## WHAT IS BEING ASKED
From the first line to the last, retype everything below exactly, minus the pictures.

## RECORDS TO USE

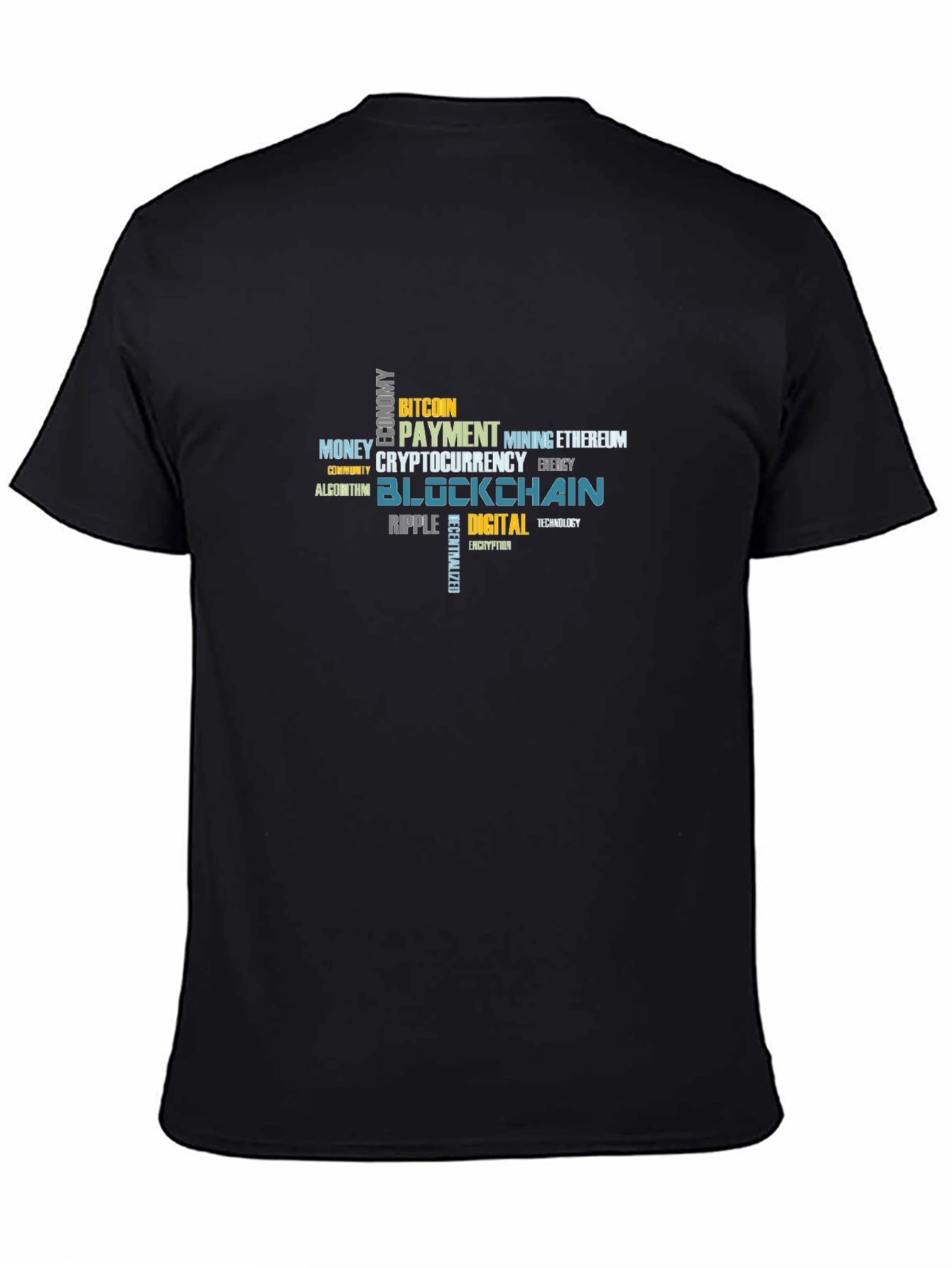 Crypto Blockchain Word Art Black T-Shirt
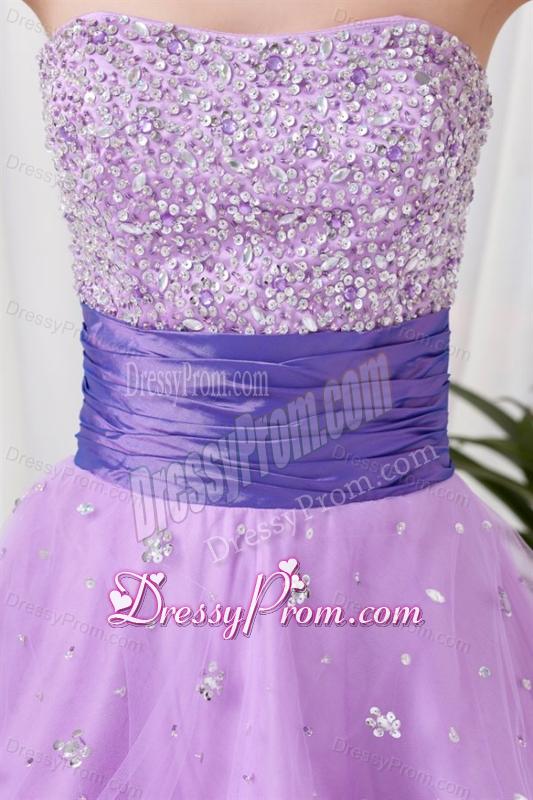 Lovely A-line Strapless Tulle Lilac Beading Prom Dress with Lace Up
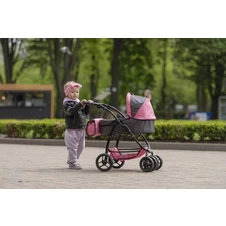 Коляска для куклы Carrello Avanti 9662 Pink с сумочкой, 2 в 1, розовая фото 32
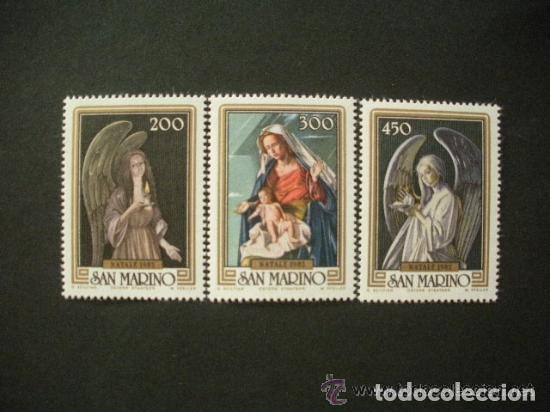 Sellos: San Marino 1982 Ivert 1063/5 *** Navidad - Cuadros de Gregorio SCILLIAN - Pintura Religiosa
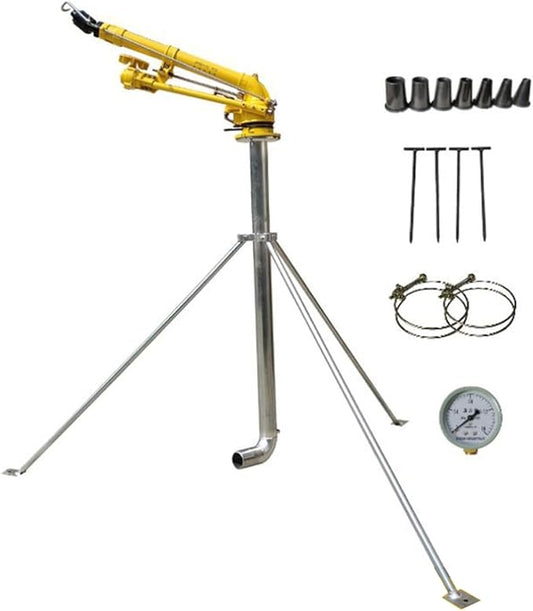 Farm Irrigation Sprinkler, 2" Impulse Impact Sprinkler with Replacement Nozzle & 1.2M Rack 360° Large-Area Watering Spray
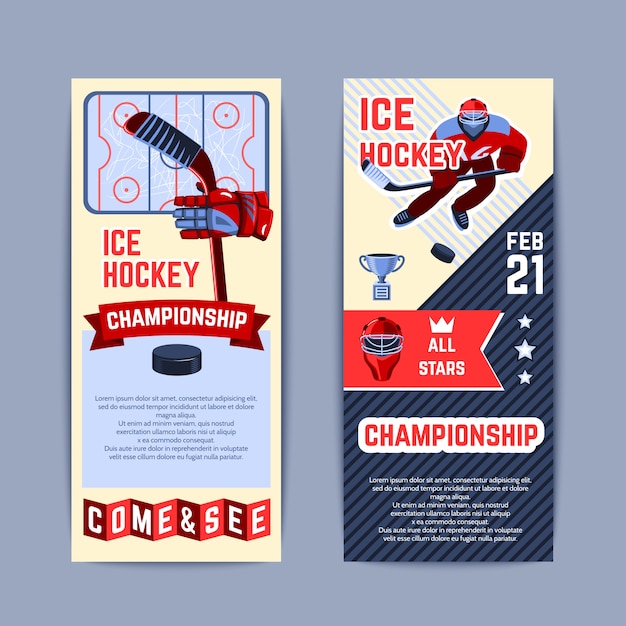 Vector gratuito conjunto de banners de hockey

## COMPLETED TASK
 Crypto Blockchain Word Art Black T-Shirt
 Lovely A-line Strapless Tulle Lilac Beading Prom Dress with Lace Up
 Коляска для куклы Carrello Avanti 9662 Pink с сумочкой, 2 в 1, розовая фото 32
 Sellos: San Marino 1982 Ivert 1063/5 *** Navidad - Cuadros de Gregorio SCILLIAN - Pintura Religiosa
 Farm Irrigation Sprinkler, 2" Impulse Impact Sprinkler with Replacement Nozzle & 1.2M Rack 360° Large-Area Watering Spray
 Vector gratuito conjunto de banners de hockey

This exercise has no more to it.